Imagine that you and your family walk into a Chinese restaurant, open the menu and find that the favorite home-cooked dishes are replaced by ‘insect feast’. You feel no appetite and order a bowl of noodles, but flour is made from various insects powder, and even rice is replaced with the termite egg by ‘unknown damn guy’… After reading here, maybe you feel creepy. But, this is not a science-fiction story. Do not think that the scene of Bell Grieds’ swallowing of spiders in the wild is far away from you. In the near future, insects will emerge on people’s tables.
Why insect is promising food
According to data from World Bank, there are still 87 million people in the world who are starving and more than 2 billion people are suffering from micronutrient deficiencies (also known as hidden hunger). It is estimated that the global population will reach 9 billion by 2050 and the current food production needs to double to feed these people. Human is facing many challenges such as lack of land resources, overfishing, climate change and water scarcity. It is almost an impossible task to increase grain output substantially. ‘What to eat tomorrow’ is the immediate problem that needs to be solved.
A report entitled ‘Edible Insects: Future Prospects for Food and Feed Security‘ released by FAO found the answer for us. The report notes that there are over 1900 species of human-friendly insects in the world and at least 2 billion people in the world contain insects in traditional foods. Many insects are rich in high-quality protein, vitamins, fiber and minerals, so they can be used as the main source of human food to help to alleviate the current global shortage of food and feed.
A survey published by Finke in 2002 showed that mealworm has more isoforms of isoleucine, leucine, valine, tyrosine and alanine than beef and is rich in palmitic acid, stearic acid, oleic acid and other unsaturated fatty acids with high nutritional value such as linoleic acid. In contrast with beef, eating mealworms is more effective in lowering blood lipids, softening blood vessels, lowering blood pressure, promoting microcirculation. Also it’s helpful to prevent or reduce the incidence of cardiovascular disease.
Also, a report conducted in 2013 analyzed the nutritional content of 236 edible insects. The data show that although different species of insects have different nutrient content and amount, in general, the nutritional value of insects is comparable to that of fish meat. Insects for food can not only satisfy the human demand for calories and good quality protein, but also provide a large amount of monounsaturated fatty acids and unsaturated fatty acids, and are rich in minerals such as copper, iron, magnesium, manganese, phosphorus, selenium, zinc and other trace elements such as vitamins B2, B5, H and folic acid.

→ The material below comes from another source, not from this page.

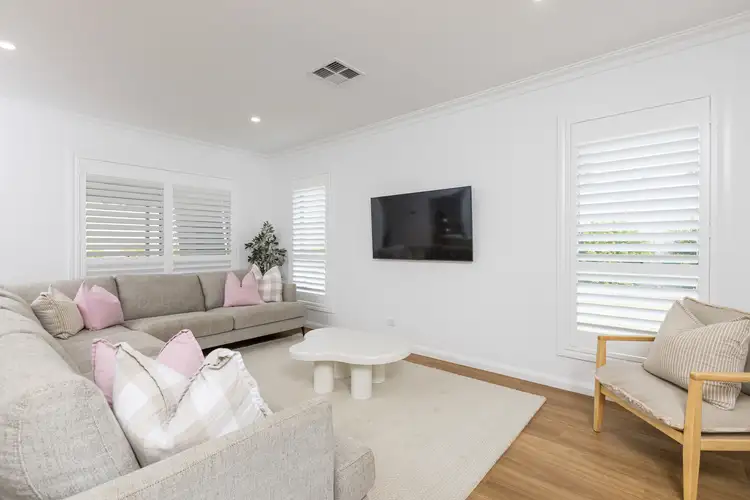 Fourth view of Homely house listing, 3 Crosbie Place, Merbein VIC 3505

In particular, food consumption in China is basically of the ‘high-grain diet’ type, with insufficient animal foods and significantly lower protein supplies. The development of edible insect protein foods makes up for this deficiency. With obesity, hypertension and other urban diseases becoming younger, insects has become the pursuit of a healthy vane.
Opportunity and challenge
In fact, the history of human consumption of insects can be traced back to 3000 years ago. With the development of farming and livestock husbandry, adequate supplies of food and meat have gradually displaced mankind from the hunting and harvesting lifestyle. For a long time, people have formed an inherent concept of food and defined the line of ‘what is food and what is not food’. However, for areas where planting and livestock husbandry are relatively backward, insect eggs and insects with large amount and varieties are the main sources of food. The birth of the three major religions in the world brought the already formed food taboos into the religious system and disseminated them widely. ‘Eating insects’ is even considered as a barbaric act of ‘alternative’ and ‘disgusting’.

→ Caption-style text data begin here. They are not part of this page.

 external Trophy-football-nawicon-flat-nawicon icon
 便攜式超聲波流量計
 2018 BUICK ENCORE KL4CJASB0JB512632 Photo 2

In modern society, with the continuous increase of population pressure and the serious shortage of resources, insects for food are gradually valued by scientists. At the Fifth Latin American Conference of Dietitians an Nutritionist in 1980, it was suggested that insects should be included as part of the food source in order to supplement human food deficiencies. Germany was the first country to start developing and using food insects. After the war, the Federal Republic of Germany responded to the severe domestic food crisis by chemically treating some shark-finned larvae into canned foods. Subsequently, France, Japan, the United States, Sweden and Mexico successively joined in the development of insect food products.

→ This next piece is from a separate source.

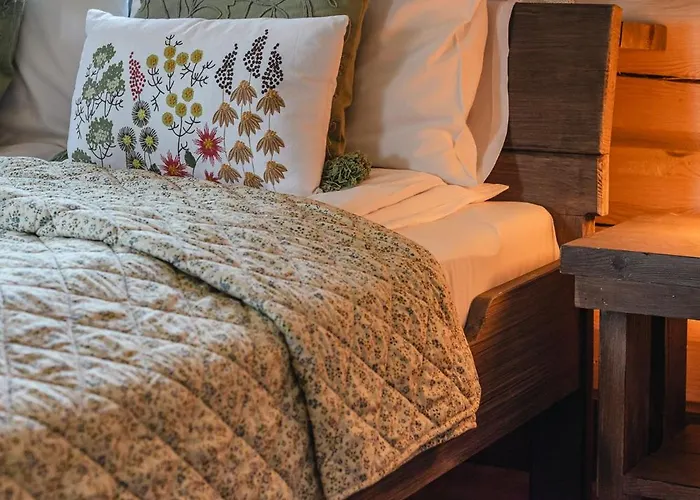 Villa Pod Przehyba *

However, the modern ‘edible insect culture’ is still developing slowly. Apart from cultural traditions and religious concepts that make it hard for people to accept this new type of food temporarily, research and education in edible entomology and the relative lag of commercial promotion have also hindered the development. Some ecologists fear that rash introduction of new insect species will bring disaster to the local ecological balance. Some experts and scholars believe that the toxicological side effects of insects have not yet been given fully demonstration due to their immature theoretical research, so it is not appropriate to promote a comprehensive. In addition,the international food safety standards for insect food have not yet reached an agreement and the relevant laws and regulations still need to be improved. It seems that insects for food emerge on people’s table still take time.
Legislation can be perfected, rules can be formulated, ideas can change, but limited resources on earth can not be regenerated, and escalating demographic burden forces scientists back to nature to find new food. Insects, as an ideal substitute, we have no reason to refuse it.